I can't quite remember the exact moment when I became obsessed with writing a play about the seemingly endless war in the Democratic Republic of Congo, but I knew that I wanted to somehow tell the stories of the Congolese women caught in the cross-fire. The war's an ugly, messy, incomprehensible puzzle, punctuated by spurts of unfathomable violence and many false endings. It's often been said that it's the most deadly conflict since World War II, and unfortunately the bodies of women have become part of the vast battlefield.

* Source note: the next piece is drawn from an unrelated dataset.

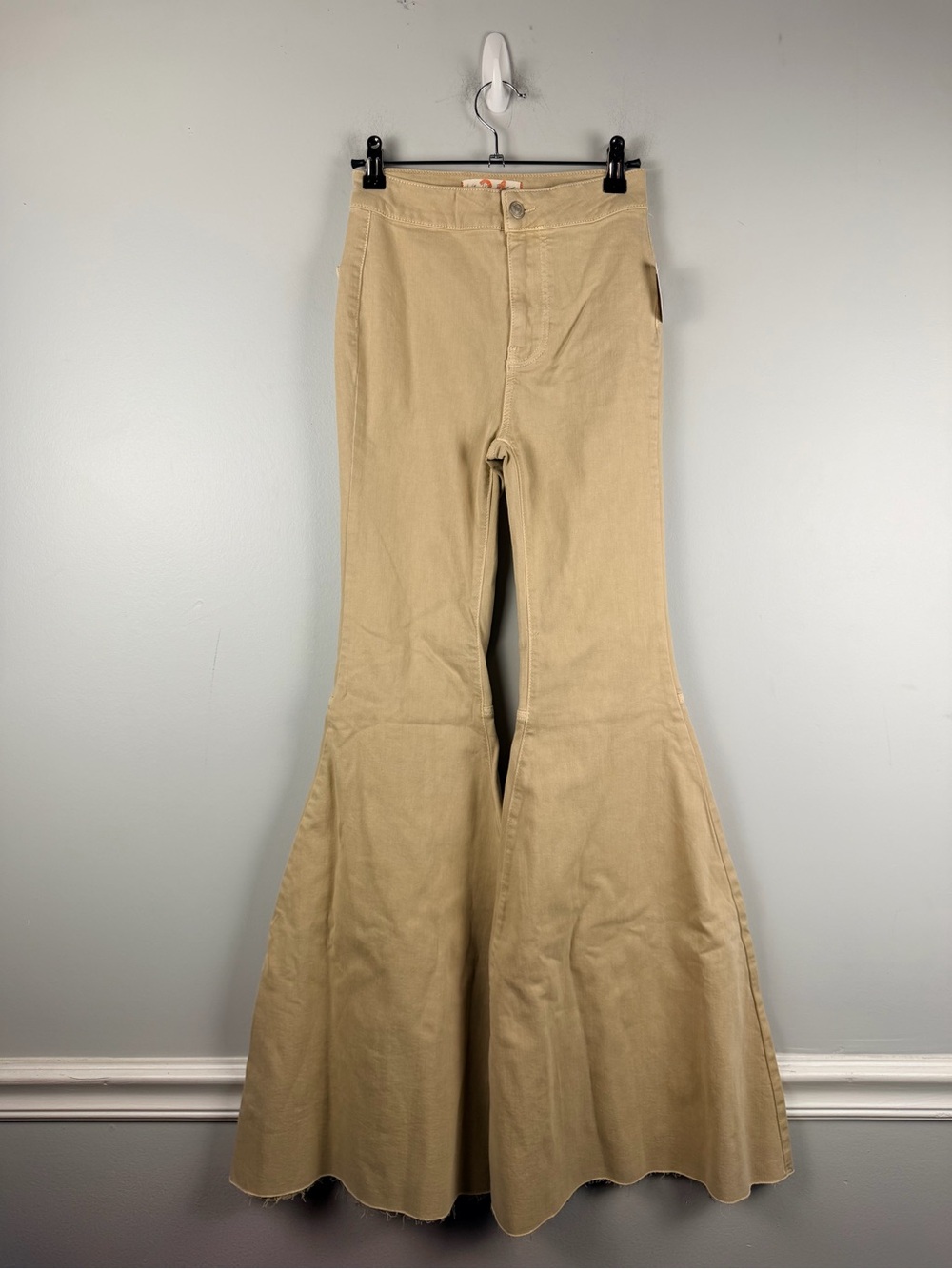 New FREE PEOPLE Womens Size W 24 R Super Flare/Distressed Bottoms Bells Jeans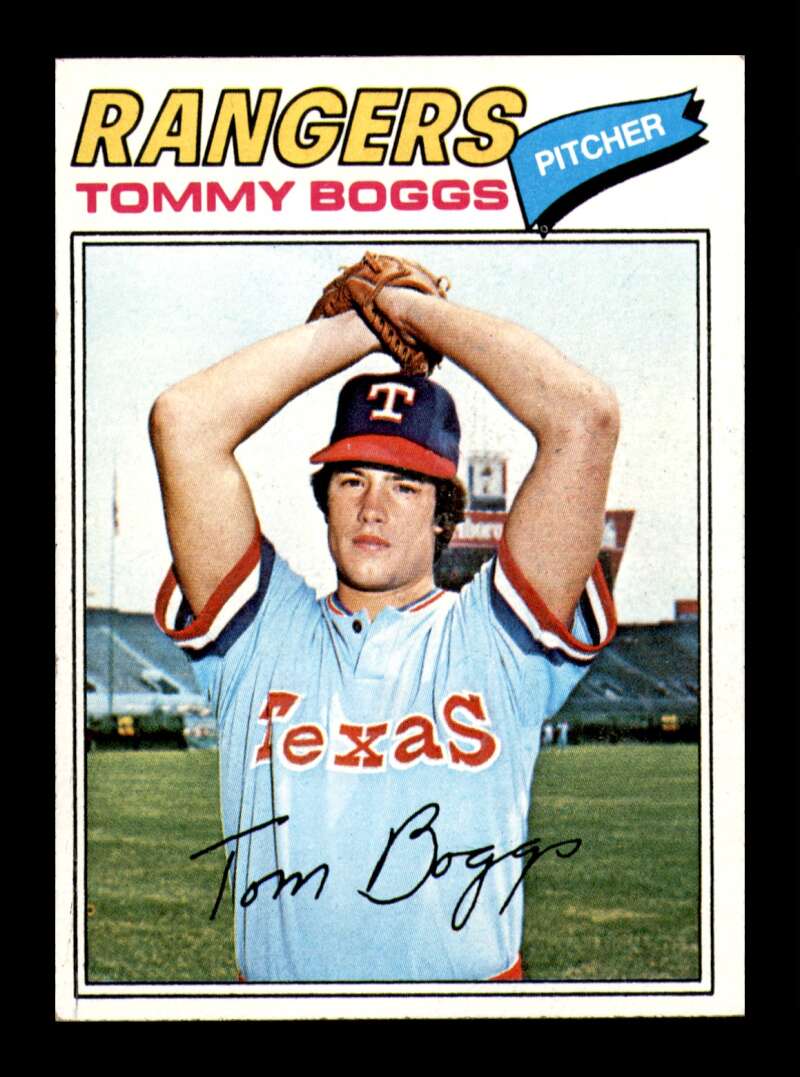 Load image into Gallery viewer, 1977 Topps Tommy Boggs #328 Texas Rangers Image 1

So, the other day, I was surprised and relieved to learn about the sudden capture of the charismatic rebel leader General Laurent Nkunda by Rwandan Authorities; it is welcome movement in an intractable conflict. For years, Nkunda has led a powerful rebel army, and is in a large part responsible for keeping the armed conflict festering in the mineral rich region of North Kivu. For many Congolese people his capture signals the end to the brutal and protracted war, but the question that it raises for me is whether it will bring about an end to the insidious war that's being waged against the women of Congo. Rape is endemic to the region, and continues to be used as a weapon of war designed to demoralize and destroy communities.
Four years ago, while I was doing research for my new play RUINED I conducted numerous interviews with Congolese women fleeing the armed conflict. I was overwhelmed by the number of women who, regardless of age, recounted tales of sexual violation and torture at the hands of both rebel and government soldiers. They spoke of their frustration with authorities, their families and friends, who responded to their plight with relative indifference and in some cases outward hostility. Their stories pierced my very core, and became the foundation for my play. I wanted to capture the tenacity and resilience of women, who were attempting to reclaim their lives and move beyond the stigma of rape in a culture where it's become all too commonplace. Tragically, four years after my first round of interviews, large numbers of women still continue to be raped and brutalized by both government and rebel soldiers.
I am seriously worried that the war has given rise to a culture where men have been given license to rape and abuse women with impunity. In cities like, Goma, cautionary "don't rape" signs are fixtures in the landscape, and are as prevalent as ads for beer and skin lightening creams. Women are under siege, we must recognize and acknowledge that the war against them exists. The arrest of Laurent Nkunda is reason for cautious optimism and may indeed lead to a long awaited peace in the region, but for many women in the Congo the war will continue unless something is done to stop it.